Giornata nazionale contro l'omofobia
Anche la proposta di istituire una Giornata nazionale contro l'omofobia, la transfobia e la bifobia (da celebrare, come nella maggior parte del mondo, il 17 maggio, data in cui, nel 1990, l'Organizzazione Mondiale della Sanità ha depennato l'omosessualità dall'elenco dei disturbi mentali) contiene, se ben sfruttate, potenzialità di riflessione e crescita collettiva.Negli ultimi anni la ricerca psicologica ha approfondito il legame tra benessere individuale e benessere collettivo, identificando nella fiducia una delle variabili principali da tenere in conto (ce ne siamo già occupati parlando di “epistemic trust”, si veda anche il libro di Antonio Sgobba, “La società della fiducia. Da Platone a WhatsApp”, il Saggiatore): dalla fiducia del bambino nei confronti dei suoi caregiver, a quella del cittadino nei confronti dello Stato.

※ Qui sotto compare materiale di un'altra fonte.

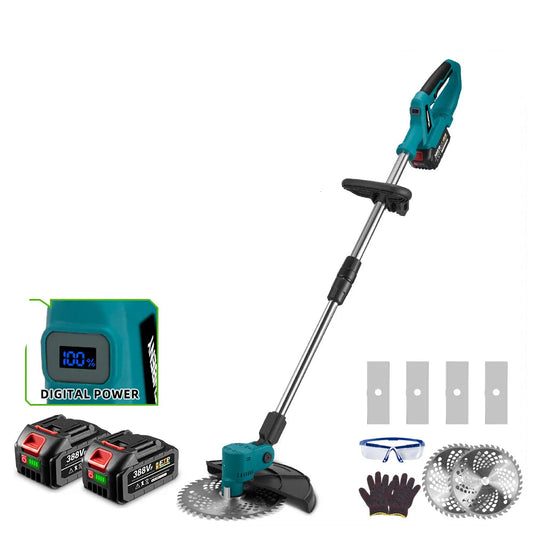 Handmaaier - Grasmaaier - Grastrimmer - Grasschaar - Grasmachine - 4000W - 9 Inch - Elektrische/Accu -  Borstelloze Grastrimmer met Digitaal Display – Stil & Krachtig Tuingereedschap - 21V/18V Compatibel - Inclusief 2x Accu
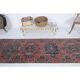 Vintage Turkish Oushak Handmade Cotton Pink Wool Runner 74x260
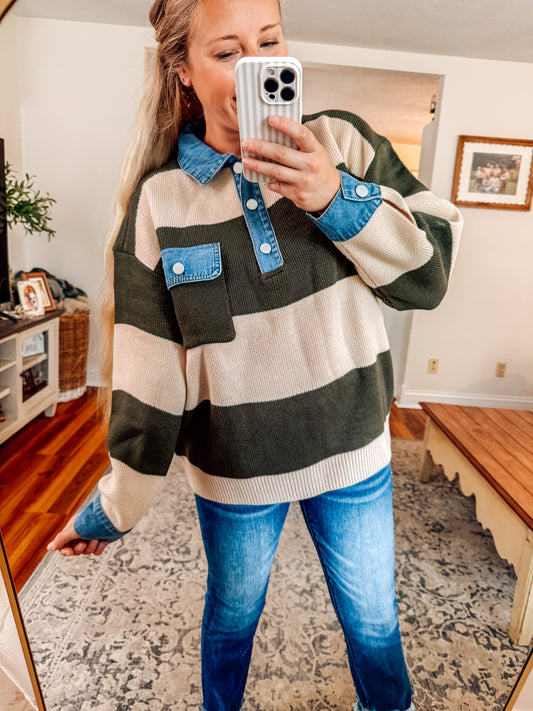 Stripes And Denim Sweater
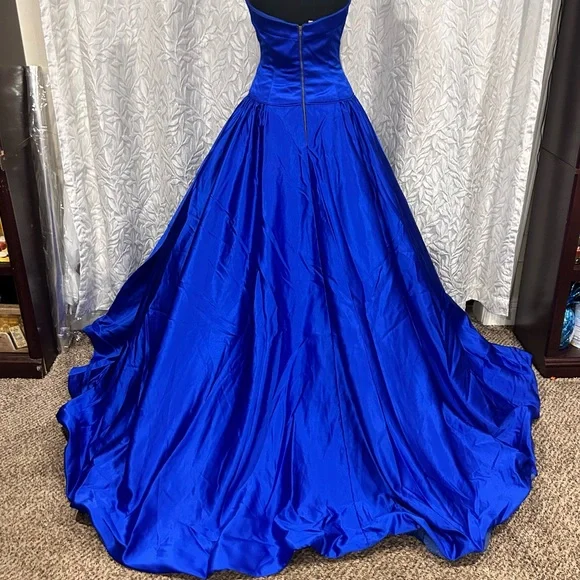 Royal blue strapless gown prom dress NWT size 2 - Picture 5 of 14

Nel primo caso, sappiamo che la mancanza di un intreccio virtuoso tra attaccamento, mentalizzazione e fiducia di base è oggi considerata uno dei fattori predisponenti future forme psicopatologiche. Quanto al secondo caso, la mancanza di tutela imputabile a uno Stato distratto o, peggio, colpevolizzante, certamente peggiora la qualità del rapporto tra cittadino e istituzione. Se questa trascuratezza riguarda componenti fondamentali dell'identità, come l'etnia, il genere o l'identità di genere, allora le persone che vengono escluse dalla considerazione della comunità possono provare dolorosi sentimenti di isolamento, insicurezza, bassa autostima, autodisprezzo.
Epistemic injustice
Rimanendo nel campo dell'epistemic trust, c'è anche un altro modo di vedere la questione: impedire la trasformazione in legge del ddl Zan significa perpetrare il disconoscimento della voce di chi denuncia di essere oggetto di forme di aggressione e discriminazione in base alla sua identità sessuale e di genere. Tale disconoscimento si configura come epistemic injustice: secondo la filosofa Miranda Fricker, infatti, parliamo di ingiustizia epistemica quando un cittadino non viene ascoltato e creduto a causa di pregiudizi legati alla sua identità (di genere, razza, religione, orientamento sessuale).Ribadire il vincolo tra identità e dignità e contrastare l'odio sono modi di contribuire allo sviluppo della fiducia sociale, e quindi del benessere psicologico. L'ha detto molto bene il Presidente Mattarella in una nota dello scorso maggio, proprio in occasione della giornata contro l'omotransfobia: «Le discriminazioni basate sull'orientamento sessuale costituiscono una violazione del principio di eguaglianza e ledono i diritti umani necessari a un pieno sviluppo della personalità umana. È compito dello Stato garantire la promozione dell'individuo non solo come singolo, ma anche nelle relazioni interpersonali e affettive».